第3章 「逆走」の再活性化:1982‐92

〔三〕労組/社会党の切り崩し

 「戦後政治の総決算」という意味深長な中曽根政権のスローガンの中には、歴史認識のような思想的な問題にとどまらず、「55年体制」を形づくってきた自民党・財界対社会党・労組という対立軸―「逆走」の鈍化をもたらした要因でもあった―を解体するという政略的な狙いも込められていた。
 実際、中曽根政権が手がけた「三公社民営化」政策の中で標的となった国鉄と電電公社はともに大労組を擁し、社会党の有力支持基盤であった日本労働組合総評議会(総評)の屋台骨でもあった。
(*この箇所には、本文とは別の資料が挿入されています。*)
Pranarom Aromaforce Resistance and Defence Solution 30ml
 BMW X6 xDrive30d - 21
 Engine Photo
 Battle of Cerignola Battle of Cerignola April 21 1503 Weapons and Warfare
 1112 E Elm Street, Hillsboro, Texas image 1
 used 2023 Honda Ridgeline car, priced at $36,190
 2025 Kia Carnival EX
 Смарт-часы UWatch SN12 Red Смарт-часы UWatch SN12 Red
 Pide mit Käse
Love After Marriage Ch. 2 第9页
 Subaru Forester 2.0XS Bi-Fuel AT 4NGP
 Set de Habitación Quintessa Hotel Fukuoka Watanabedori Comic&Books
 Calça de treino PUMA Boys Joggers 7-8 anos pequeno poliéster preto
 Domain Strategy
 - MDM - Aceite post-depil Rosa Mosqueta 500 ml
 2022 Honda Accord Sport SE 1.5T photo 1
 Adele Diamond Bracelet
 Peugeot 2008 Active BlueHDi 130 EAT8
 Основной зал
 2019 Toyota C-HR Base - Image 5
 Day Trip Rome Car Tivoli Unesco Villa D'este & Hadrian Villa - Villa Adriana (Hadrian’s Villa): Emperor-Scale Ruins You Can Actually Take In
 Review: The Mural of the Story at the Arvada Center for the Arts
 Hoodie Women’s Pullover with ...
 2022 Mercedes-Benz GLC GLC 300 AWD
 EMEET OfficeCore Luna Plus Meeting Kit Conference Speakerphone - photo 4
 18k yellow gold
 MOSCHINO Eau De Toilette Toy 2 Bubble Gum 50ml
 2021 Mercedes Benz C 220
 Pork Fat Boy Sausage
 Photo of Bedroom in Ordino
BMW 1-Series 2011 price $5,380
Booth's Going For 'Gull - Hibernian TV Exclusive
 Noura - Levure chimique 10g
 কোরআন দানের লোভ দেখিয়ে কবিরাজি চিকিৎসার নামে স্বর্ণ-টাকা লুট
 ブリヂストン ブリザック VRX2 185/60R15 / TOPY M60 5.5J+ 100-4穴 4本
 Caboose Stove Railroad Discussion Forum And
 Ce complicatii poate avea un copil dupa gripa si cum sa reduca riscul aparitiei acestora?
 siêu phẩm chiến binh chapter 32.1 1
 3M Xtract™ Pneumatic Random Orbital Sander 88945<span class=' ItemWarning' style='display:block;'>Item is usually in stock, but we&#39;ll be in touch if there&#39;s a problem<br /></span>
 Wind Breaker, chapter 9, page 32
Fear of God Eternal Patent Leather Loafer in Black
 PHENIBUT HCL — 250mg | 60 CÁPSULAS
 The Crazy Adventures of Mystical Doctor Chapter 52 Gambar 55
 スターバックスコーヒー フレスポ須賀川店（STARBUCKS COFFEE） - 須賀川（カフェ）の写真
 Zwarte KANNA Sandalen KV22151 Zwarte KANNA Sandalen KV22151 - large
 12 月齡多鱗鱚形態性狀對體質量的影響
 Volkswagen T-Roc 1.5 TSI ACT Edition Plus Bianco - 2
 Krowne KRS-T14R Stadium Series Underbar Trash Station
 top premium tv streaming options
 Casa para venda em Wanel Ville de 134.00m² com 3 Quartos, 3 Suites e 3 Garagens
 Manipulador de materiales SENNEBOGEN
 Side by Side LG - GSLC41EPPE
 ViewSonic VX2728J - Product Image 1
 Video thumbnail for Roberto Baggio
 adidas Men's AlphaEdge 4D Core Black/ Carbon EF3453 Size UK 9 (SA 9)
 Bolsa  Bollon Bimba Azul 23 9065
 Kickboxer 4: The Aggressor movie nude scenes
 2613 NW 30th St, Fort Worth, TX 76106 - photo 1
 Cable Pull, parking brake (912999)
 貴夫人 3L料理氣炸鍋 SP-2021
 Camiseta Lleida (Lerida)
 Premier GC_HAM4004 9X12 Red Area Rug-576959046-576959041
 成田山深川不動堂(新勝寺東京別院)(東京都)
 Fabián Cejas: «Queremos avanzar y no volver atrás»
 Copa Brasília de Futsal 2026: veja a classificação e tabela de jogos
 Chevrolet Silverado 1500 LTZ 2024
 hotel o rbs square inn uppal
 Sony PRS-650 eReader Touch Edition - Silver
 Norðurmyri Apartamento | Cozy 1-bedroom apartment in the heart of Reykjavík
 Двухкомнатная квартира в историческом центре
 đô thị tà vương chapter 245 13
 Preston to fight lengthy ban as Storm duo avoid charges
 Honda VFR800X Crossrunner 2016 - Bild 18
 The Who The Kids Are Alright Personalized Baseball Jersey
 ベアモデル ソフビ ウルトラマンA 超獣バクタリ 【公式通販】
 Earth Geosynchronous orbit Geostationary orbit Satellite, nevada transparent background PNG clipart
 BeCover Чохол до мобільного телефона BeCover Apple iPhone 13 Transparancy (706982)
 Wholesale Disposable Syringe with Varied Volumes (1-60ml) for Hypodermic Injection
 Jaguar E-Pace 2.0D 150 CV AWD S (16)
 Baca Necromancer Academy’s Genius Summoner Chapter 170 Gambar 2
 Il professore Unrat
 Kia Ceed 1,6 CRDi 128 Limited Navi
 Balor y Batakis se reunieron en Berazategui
とりわけ戦闘的な国鉄労組はしばしば大規模ストを敢行し、労働運動全体の牽引役としてその存在感を示していたから、最も主要なターゲットとされることとなった。
 一方、社会党は60年代に右派が分離して民社党を結成するなど―その背後に米国CIAの介在があったことが判明している―分解の動きが始まり、70年代後半の政治経済的閉塞期にも党勢が伸び悩んでいたところ、中曽根はこうした揺らぐ社会党にどどめの一撃を加えようとしていたのだった。
 その手始めは1986年の解散総選挙であった。この時、中曽根は憲法違反の疑いも指摘された衆参同日選に踏み切り、自民党を衆議院で300議席を獲得する圧勝に導いたのだった。対する社会党はわずか85議席の歴史的大敗であった。こうして成立した巨大与党の力で、中曽根政権は国鉄の実質的な解体を意味する分割民営化を政権最後の大仕事として推進し、やり遂げたのである。
 その効果は絶大であった。中曽根政権が退陣した2年後の89年には、総評と民社党系の全日本労働総同盟(同盟)などが合流して日本労働組合総連合会(連合)に再編された。
 この戦後労働運動史上画期的な出来事は、表面上は長く分裂していた官公労組主体の総評と民間労組系の同盟との歴史的な和解・糾合というポジティブな出来事のようにも見えるが、実際のところは国鉄労組に代表されたような戦闘的な労使対決型労組から旧同盟のような労使協調型労組への歴史的な転換を意味した。スト権を自ら凍結してしまう「物言わぬ労組」の始まりである。
 他方、86年総選挙で大敗した社会党は党勢立て直しのため、伝統的な労組系ではなく、護憲・市民運動系の土井たか子を初の女性委員長(党首)に就けた。
 折から、中曽根政権を引き継いだ竹下政権の下で、消費税の導入を巡る論議が高まり、反消費税を掲げる社会党が土井の個人人気にも支えられて再生し、竹下政権がリクルート事件の影響で退陣した後の89年参院選では自民党を過半数割れに追い込む勝利を収め、翌90年の総選挙でも140議席近くを獲得するまでに党勢を回復した。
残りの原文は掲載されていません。